What the exercise asks: Give the listing again exactly, omitting its images.

Provided material:
────────────────
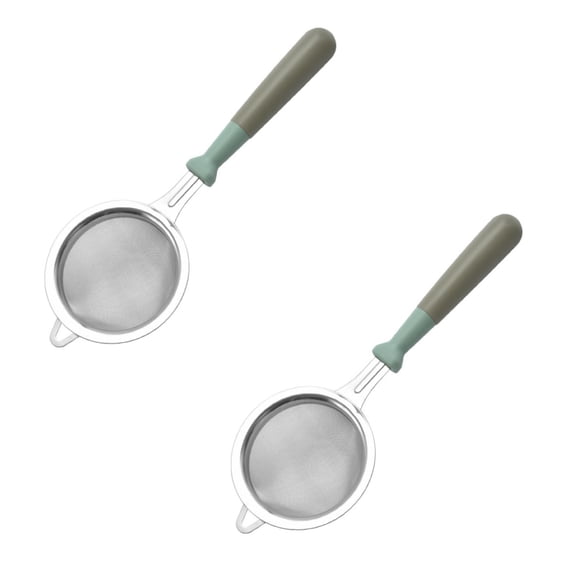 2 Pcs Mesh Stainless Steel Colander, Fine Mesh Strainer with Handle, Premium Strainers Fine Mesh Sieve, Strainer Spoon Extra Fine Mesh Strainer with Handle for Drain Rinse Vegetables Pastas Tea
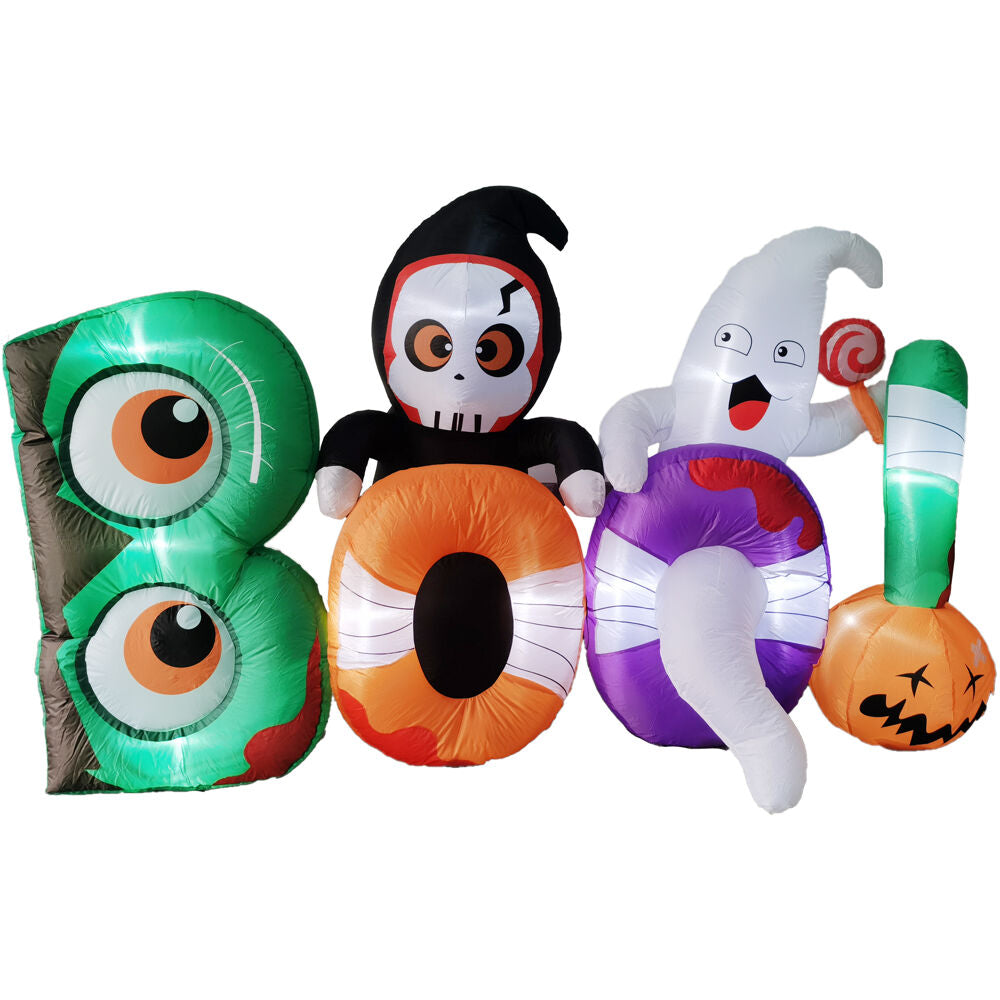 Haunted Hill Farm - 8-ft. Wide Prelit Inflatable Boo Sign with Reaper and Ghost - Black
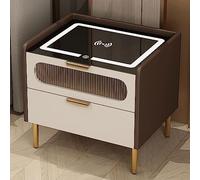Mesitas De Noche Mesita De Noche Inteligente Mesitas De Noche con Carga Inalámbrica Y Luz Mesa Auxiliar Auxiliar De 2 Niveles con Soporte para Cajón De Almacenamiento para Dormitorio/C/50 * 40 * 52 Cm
────────────────
Expected output:
 2 Pcs Mesh Stainless Steel Colander, Fine Mesh Strainer with Handle, Premium Strainers Fine Mesh Sieve, Strainer Spoon Extra Fine Mesh Strainer with Handle for Drain Rinse Vegetables Pastas Tea
 Haunted Hill Farm - 8-ft. Wide Prelit Inflatable Boo Sign with Reaper and Ghost - Black
Mesitas De Noche Mesita De Noche Inteligente Mesitas De Noche con Carga Inalámbrica Y Luz Mesa Auxiliar Auxiliar De 2 Niveles con Soporte para Cajón De Almacenamiento para Dormitorio/C/50 * 40 * 52 Cm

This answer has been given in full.